### Entries supplied:
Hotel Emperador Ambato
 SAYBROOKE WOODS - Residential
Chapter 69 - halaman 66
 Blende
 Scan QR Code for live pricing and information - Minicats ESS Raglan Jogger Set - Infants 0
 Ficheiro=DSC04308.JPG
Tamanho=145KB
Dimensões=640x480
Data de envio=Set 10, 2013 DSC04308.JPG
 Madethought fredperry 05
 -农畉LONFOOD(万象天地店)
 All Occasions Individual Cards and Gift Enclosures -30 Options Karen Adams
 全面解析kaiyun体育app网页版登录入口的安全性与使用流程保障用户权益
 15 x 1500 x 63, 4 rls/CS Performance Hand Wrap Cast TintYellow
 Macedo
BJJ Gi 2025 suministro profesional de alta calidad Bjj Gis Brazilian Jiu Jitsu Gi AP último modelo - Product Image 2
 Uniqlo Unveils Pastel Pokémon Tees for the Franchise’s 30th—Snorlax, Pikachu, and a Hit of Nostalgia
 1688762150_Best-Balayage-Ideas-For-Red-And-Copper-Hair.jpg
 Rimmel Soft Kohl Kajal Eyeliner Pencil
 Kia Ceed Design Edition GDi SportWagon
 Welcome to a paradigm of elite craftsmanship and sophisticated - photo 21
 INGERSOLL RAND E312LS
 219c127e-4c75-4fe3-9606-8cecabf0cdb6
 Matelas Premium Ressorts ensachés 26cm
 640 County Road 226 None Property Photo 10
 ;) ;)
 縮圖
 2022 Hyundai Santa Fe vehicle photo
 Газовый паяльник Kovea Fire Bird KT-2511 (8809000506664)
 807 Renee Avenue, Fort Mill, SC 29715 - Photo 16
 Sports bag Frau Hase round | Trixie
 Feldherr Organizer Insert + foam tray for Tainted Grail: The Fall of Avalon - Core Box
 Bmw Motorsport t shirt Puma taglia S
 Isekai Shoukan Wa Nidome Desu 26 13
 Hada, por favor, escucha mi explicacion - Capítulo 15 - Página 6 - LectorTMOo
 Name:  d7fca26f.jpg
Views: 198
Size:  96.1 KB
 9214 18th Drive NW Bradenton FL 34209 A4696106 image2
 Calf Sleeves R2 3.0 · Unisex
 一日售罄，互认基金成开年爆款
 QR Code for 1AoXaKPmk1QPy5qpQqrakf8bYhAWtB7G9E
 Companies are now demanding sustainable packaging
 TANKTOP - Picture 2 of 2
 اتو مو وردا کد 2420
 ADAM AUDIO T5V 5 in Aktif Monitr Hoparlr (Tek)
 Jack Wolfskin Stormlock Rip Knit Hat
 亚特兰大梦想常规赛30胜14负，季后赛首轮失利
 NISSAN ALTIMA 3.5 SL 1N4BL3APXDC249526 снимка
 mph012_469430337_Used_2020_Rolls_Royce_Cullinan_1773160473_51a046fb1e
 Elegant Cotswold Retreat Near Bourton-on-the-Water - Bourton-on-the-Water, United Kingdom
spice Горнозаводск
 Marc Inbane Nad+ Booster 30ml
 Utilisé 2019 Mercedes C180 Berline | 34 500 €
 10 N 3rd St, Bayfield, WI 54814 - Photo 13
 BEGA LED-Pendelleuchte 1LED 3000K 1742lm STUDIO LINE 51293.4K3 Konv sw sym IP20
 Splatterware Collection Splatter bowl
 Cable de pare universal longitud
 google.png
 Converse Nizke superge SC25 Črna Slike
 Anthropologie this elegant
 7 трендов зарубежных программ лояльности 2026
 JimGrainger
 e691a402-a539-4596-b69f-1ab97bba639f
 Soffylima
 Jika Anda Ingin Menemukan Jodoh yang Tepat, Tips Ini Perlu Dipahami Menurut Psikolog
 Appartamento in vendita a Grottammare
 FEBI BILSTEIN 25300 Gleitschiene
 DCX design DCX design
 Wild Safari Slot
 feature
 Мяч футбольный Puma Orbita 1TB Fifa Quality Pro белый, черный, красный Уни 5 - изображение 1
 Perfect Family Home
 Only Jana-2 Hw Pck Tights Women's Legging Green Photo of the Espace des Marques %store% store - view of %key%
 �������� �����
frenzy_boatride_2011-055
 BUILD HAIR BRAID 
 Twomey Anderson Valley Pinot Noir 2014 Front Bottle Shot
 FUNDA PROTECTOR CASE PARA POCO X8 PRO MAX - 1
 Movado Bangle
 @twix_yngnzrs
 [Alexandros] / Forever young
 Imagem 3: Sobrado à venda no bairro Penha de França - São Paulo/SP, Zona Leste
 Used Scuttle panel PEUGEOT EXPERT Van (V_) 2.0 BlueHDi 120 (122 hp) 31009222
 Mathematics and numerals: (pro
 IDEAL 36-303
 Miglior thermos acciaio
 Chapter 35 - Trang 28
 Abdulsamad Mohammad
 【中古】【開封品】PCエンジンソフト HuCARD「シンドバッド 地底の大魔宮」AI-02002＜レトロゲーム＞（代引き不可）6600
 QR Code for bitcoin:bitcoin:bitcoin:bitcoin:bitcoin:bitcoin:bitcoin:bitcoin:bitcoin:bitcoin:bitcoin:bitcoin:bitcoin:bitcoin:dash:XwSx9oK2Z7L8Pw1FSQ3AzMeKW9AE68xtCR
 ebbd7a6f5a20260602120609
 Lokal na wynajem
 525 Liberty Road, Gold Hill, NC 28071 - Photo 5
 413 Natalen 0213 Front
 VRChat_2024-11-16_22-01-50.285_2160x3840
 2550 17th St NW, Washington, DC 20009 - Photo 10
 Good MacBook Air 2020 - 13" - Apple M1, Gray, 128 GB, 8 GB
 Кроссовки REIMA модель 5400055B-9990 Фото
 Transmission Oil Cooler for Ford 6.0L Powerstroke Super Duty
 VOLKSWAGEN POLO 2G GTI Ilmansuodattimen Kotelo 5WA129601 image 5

### What the exercise asks:
The first line of the records begins the span, and the line containing "-农畉LONFOOD(万象天地店)" ends it. Reproduce that span exactly, both ends included.

### Your response:
Hotel Emperador Ambato
 SAYBROOKE WOODS - Residential
Chapter 69 - halaman 66
 Blende
 Scan QR Code for live pricing and information - Minicats ESS Raglan Jogger Set - Infants 0
 Ficheiro=DSC04308.JPG
Tamanho=145KB
Dimensões=640x480
Data de envio=Set 10, 2013 DSC04308.JPG
 Madethought fredperry 05
 -农畉LONFOOD(万象天地店)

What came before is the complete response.